Activity:
Write the data out again exactly, dropping any images it holds.

Information supplied:
* * * * * * *
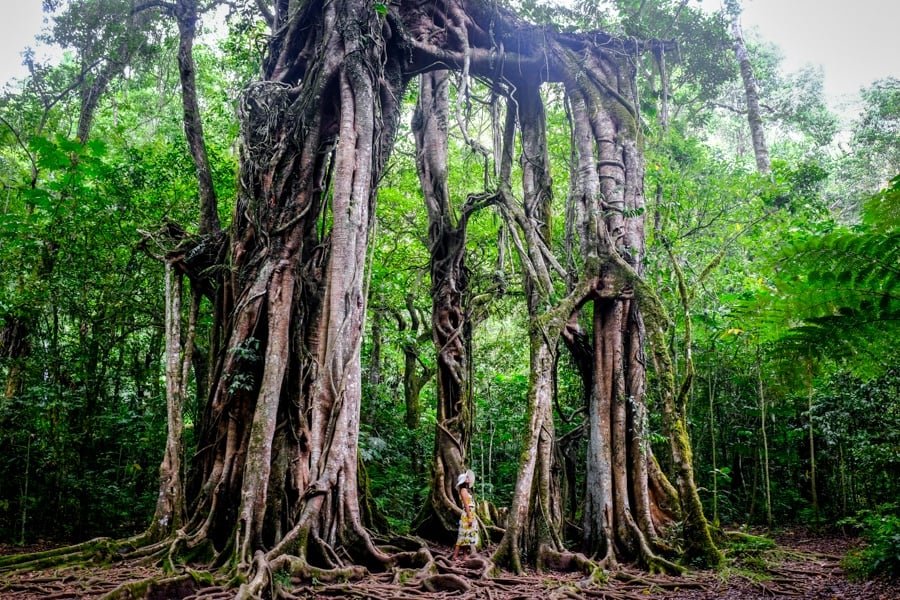 Baniano gigante en Bali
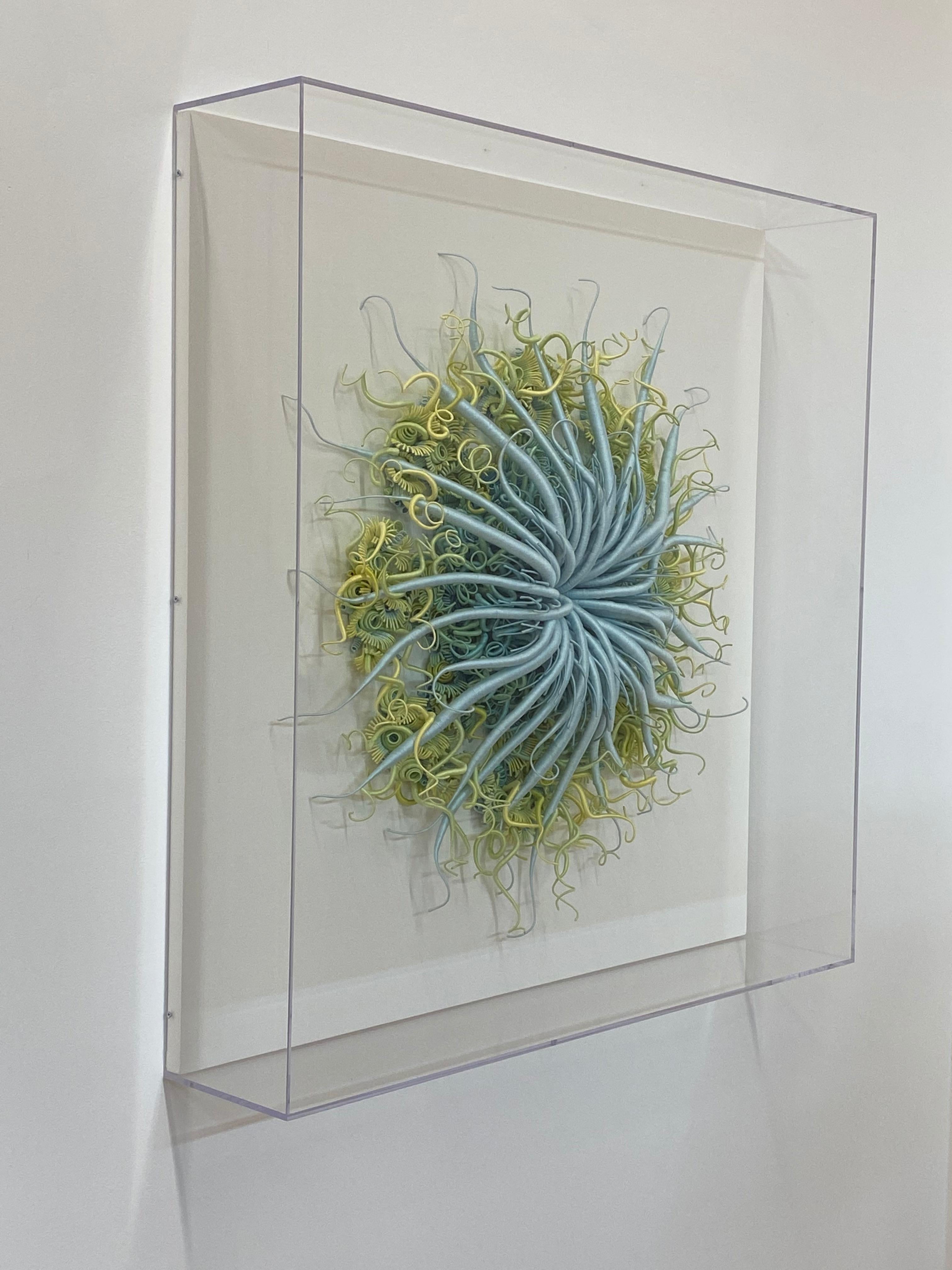 Specimen 18, Sculpture encadrée en fibre teintée à la main bleu vert inspirée de la nature marine en vente 14
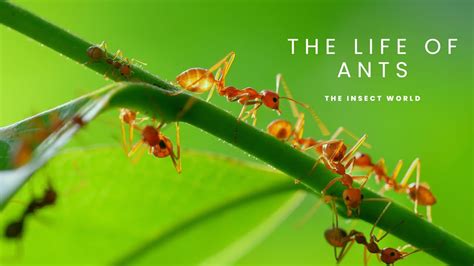 The Intricate Significance of Ants in Mythology and Folklore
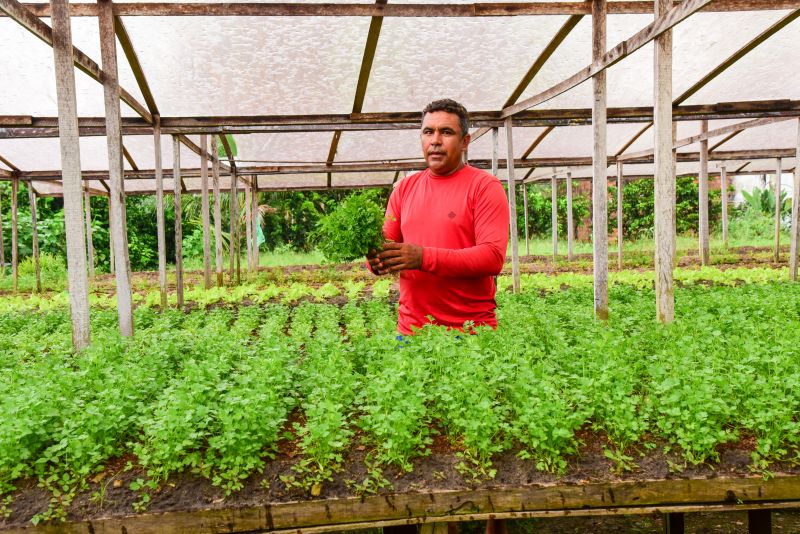 Agricultores no Curuçamba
* * * * * * *
Result for this task:
 Baniano gigante en Bali
 Specimen 18, Sculpture encadrée en fibre teintée à la main bleu vert inspirée de la nature marine en vente 14
 The Intricate Significance of Ants in Mythology and Folklore
 Agricultores no Curuçamba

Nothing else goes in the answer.